Objective: Appendicitis is the most common abdominal emergency in children. When perforation is encountered, postoperative management is grounded upon the use of intravenous antibiotics. The 3-drug regimen of ampicillin, gentamicin, and clindamycin has long been the accepted standard by pediatric surgeons. Although effective and seemingly inexpensive, this regimen produces a cumbersome dosing schedule, which has inspired the search for a simpler regimen that does not compromise efficacy or expense. To this end, we have introduced a 2-drug regimen of ceftriaxone and Flagyl (Pharmacia Corporation, Chicago, Ill) with once-a-day dosing.

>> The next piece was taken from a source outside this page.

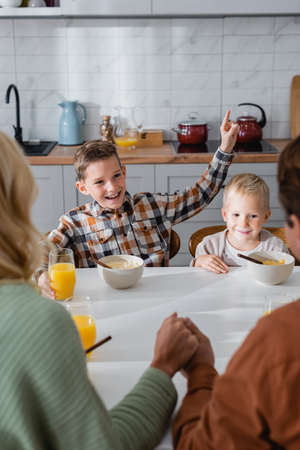 happy boy pointing with finger during breakfast with brother and parents holding hands on blurred foregroundの写真素材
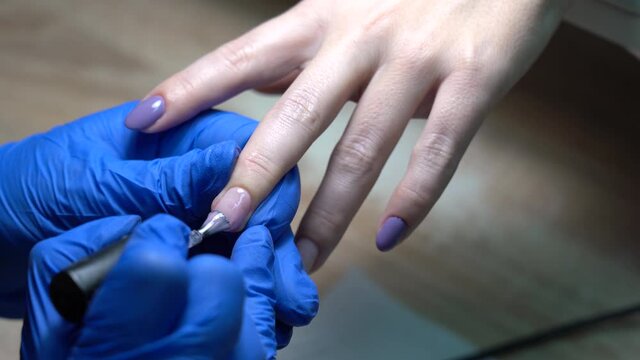 Closeup view 4k stock video footage of professional manicurist painting nails of client with pink pastel gel polish lacquer in beauty spa salon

Methods: A retrospective review was conducted of the most recent 250 patients treated at our institution with perforated appendicitis. Patients treated since the implementation of this 2-drug regimen were compared with the recent historical cohort treated with triple antibiotic coverage. Parameters analyzed between the 2 groups included temperature curves for the first 5 postoperative days, abscess rate, length of hospitalization, length of intravenous antibiotic treatment, and medication charges.
Results: The 2-drug regimen was used in 57 patients (group 1) compared with 193 patients treated with triple antibiotic coverage (group 2). Maximum recorded temperature between the 2 groups was similar upon admission, but the mean maximum temperature in group 1 became significantly lower than group 2 from postoperative day 1 onward (P < .001). Postoperatively, an abscess developed in 8.8% of group 1 compared with 14.2% of group 2, which was not significantly different (P = .37). Mean length of stay was 6.8 days in group 1 and 7.8 days in group 2 (P = .03). Medication charges to the patient were 81.32 dollars per day in group 1 compared with 318.53 dollars per day in group 2, translating to 1186.05 dollars savings for 5 days.
Conclusions: Once-a-day dosing with ceftriaxone and Flagyl provides adequate antibiotic coverage for the postoperative management of perforated appendicitis in children. This regimen allows patients to more rapidly defervesce compared with traditional triple antibiotic coverage; moreover, this simple regimen provides substantial advantages for administration and expense.